La ventaja de cuidar de los chiquitines

Los autores analizaron el comportamiento de los machos de los tres grupos de gorilas de montaña que viven en el Parque Nacional de Volcanes en Ruanda, y también secuenciaron el ADN de las heces de los animales para determinar la relación de los machos y las crías.
Como resultado, los científicos construyeron un modelo matemático en el que tuvieron en cuenta la edad y el rango del macho, su comportamiento y calcularon cuántos crías tendrá durante su vida.

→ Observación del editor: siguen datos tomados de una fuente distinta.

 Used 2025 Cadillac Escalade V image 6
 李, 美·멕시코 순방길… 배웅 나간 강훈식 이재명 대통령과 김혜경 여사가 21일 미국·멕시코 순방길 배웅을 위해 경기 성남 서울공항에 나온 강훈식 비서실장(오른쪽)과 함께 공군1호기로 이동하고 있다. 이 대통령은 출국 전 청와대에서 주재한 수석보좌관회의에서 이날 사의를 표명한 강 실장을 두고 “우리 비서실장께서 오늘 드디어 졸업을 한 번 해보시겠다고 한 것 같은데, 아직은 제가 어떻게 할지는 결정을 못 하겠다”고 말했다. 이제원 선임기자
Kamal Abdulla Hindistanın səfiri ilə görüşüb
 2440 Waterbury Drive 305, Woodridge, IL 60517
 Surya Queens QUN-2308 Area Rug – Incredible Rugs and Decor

Resultó que las hembras prefieren a los machos que cuidan a los pequeños o, al menos, los toleran. Los machos que prestaban atención a las crías, sin importar que fueran propias o ajenas, tenían descendencia 5,6 veces más a menudo que aquellos menos “paternales”.
Por otro lado, un artículo afirma que los machos chimpancés amistosos viven más tiempo que sus homólogos agresivos y con mal humor. Además, los animales audaces viven menos que sus homólogos tímidos, pero al mismo tiempo dejan más descendientes. El aumento de la agresividad, la menor actividad social o apertura a nuevas experiencias también se asocian con una vida más corta. En el caso de las hembras chimpancés, la apertura a nuevas experiencias es importante, aunque en menor medida.